Selon l’article 514 du code de procédure civile, les décisions de première instance sont de droit exécutoires à titre provisoire à moins que la loi ou la décision rendue n’en dispose autrement. Selon le dernier alinéa de l’article 514-1 du même code, le juge ne peut toutefois pas écarter l’exécution provisoire de droit lorsqu’il statue en référé.

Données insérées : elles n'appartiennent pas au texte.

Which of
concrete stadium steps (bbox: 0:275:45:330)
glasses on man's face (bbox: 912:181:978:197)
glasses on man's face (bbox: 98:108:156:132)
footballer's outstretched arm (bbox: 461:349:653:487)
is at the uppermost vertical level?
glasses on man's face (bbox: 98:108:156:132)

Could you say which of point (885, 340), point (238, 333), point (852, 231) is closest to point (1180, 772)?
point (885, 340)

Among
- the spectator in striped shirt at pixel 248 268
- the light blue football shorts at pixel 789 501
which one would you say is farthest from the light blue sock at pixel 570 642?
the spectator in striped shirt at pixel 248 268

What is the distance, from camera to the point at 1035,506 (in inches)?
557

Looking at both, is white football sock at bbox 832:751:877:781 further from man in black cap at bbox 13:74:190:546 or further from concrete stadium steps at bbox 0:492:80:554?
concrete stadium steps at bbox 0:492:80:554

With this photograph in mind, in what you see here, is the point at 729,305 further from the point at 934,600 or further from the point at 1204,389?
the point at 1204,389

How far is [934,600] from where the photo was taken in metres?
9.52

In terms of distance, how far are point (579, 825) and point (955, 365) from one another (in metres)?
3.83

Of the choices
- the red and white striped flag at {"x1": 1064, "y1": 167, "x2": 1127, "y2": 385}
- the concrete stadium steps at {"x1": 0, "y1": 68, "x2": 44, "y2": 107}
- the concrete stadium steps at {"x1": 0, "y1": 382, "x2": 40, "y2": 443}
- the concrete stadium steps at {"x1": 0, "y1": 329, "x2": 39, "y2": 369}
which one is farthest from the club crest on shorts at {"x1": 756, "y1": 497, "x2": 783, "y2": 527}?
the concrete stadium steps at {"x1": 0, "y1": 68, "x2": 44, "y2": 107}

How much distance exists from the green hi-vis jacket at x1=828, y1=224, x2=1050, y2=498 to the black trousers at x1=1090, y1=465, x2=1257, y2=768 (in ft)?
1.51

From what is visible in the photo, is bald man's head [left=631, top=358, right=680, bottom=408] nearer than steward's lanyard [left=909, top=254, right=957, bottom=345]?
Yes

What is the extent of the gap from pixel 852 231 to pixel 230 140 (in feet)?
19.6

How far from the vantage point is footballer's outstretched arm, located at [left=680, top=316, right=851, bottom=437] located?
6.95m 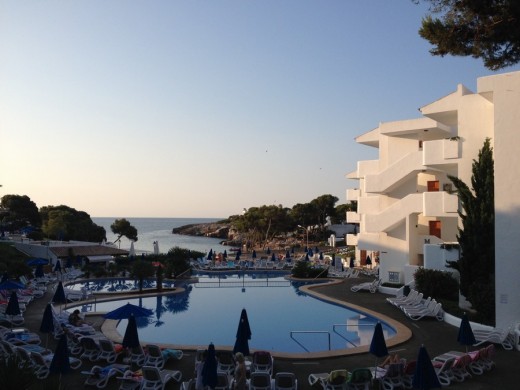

La présente ordonnance sera donc assortie de l’exécution provisoire.
PAR CES MOTIFS,
La juge des contentieux de la protection, statuant après débats publics, par ordonnance mise à disposition au greffe, contradictoire et en premier ressort,
CONSTATE que la dette locative visée dans le commandement de payer du 24 septembre 2024 n’a pas été réglée dans le délai de deux mois,
CONSTATE, en conséquence, que le contrat conclu le 10 juillet 2023 entre l’établissement EPIC [Localité 4] HABITAT OPH, d’une part, et M. [O] [Z] et Mme [E] [F], d’autre part, concernant les locaux situés au [Adresse 3] (2e étage, escalier F6, porte n°0194, une cave) est résilié depuis le 25 novembre 2024,
CONDAMNE solidairement M. [O] [Z] et Mme [E] [F] à payer à l’établissement EPIC [Localité 4] HABITAT OPH la somme de 6549,78 euros (six mille cinq cent quarante neuf euros et soixante dix huit centimes) à titre de provision sur l’arriéré locatif arrêté au 18 novembre 2025, terme du mois d’octobre 2025 inclus, avec intérêts au taux légal à compter du 24 septembre 2024 sur la somme de 1 400 euros, à compter de l’assignation sur la somme de 2.100 euros et à compter de la signification de la présente décision pour le surplus,
AUTORISE M. [O] [Z] et Mme [E] [F] à se libérer de leur dette en réglant chaque mois pendant 36 mois, en plus du loyer courant, une somme minimale de 186 euros (cent quatre-vingt-six euros), la dernière échéance étant majorée du solde de la dette en principal, intérêts et frais,
DIT que le premier règlement devra intervenir dans les dix jours suivant la signification de la présente décision, puis, pour les paiements suivants, en même temps que le loyer, au plus tard le dixième jour de chaque mois, sauf meilleur accord entre les parties,
SUSPEND les effets de la clause résolutoire pendant l’exécution des délais de paiement accordés à M. [O] [Z] et Mme [E] [F],
DIT que si les délais accordés sont entièrement respectés, la clause résolutoire sera réputée n’avoir jamais été acquise,
DIT qu’en revanche, pour le cas où une mensualité, qu’elle soit due au titre du loyer et des charges courants ou de l’arriéré, resterait impayée quinze jours après l’envoi d’une mise en demeure par lettre recommandée avec avis de réception,
— le bail sera considéré comme résilié de plein droit depuis le 25 novembre 2024,
— le solde de la dette deviendra immédiatement exigible,
— le bailleur pourra, à défaut de libération spontanée des lieux et dès l’expiration d’un délai de deux mois suivant la délivrance d’un commandement d’avoir à libérer les lieux, faire procéder à l’expulsion de M. [O] [Z] et Mme [E] [F] et à celle de tous occupants de leur chef, au besoin avec l’assistance de la force publique,
— le sort des meubles sera régi conformément aux dispositions des articles L. 433-1 et L. 433-2 du code des procédures civiles d’exécution,
— M. [O] [Z] et Mme [E] [F] seront solidairement condamnés à verser à l’établissement EPIC [Localité 4] HABITAT OPH une indemnité d’occupation mensuelle égale au montant des loyers et charges qui auraient été dus en cas de poursuite du bail, et ce, jusqu’à la date de libération effective et définitive des lieux,
DEBOUTE les partes du surplus de leurs demandes,
RAPPELLE que la présente ordonnance est exécutoire de droit à titre provisoire,
CONDAMNE solidairement M. [O] [Z] et Mme [E] [F] à payer à l’établissement EPIC [Localité 4] HABITAT OPH la somme de 200 euros (deux cents euros) au titre de l’article 700 du code de procédure civile,
CONDAMNE solidairement M. [O] [Z] et Mme [E] [F] aux dépens comprenant notamment le coût des commandements de payer du 24 septembre 2024 et celui desassignations du 26 juin 2025.
Ainsi jugé par mise à disposition au greffe le 30 janvier 2026, et signé par la juge et la greffière susnommées.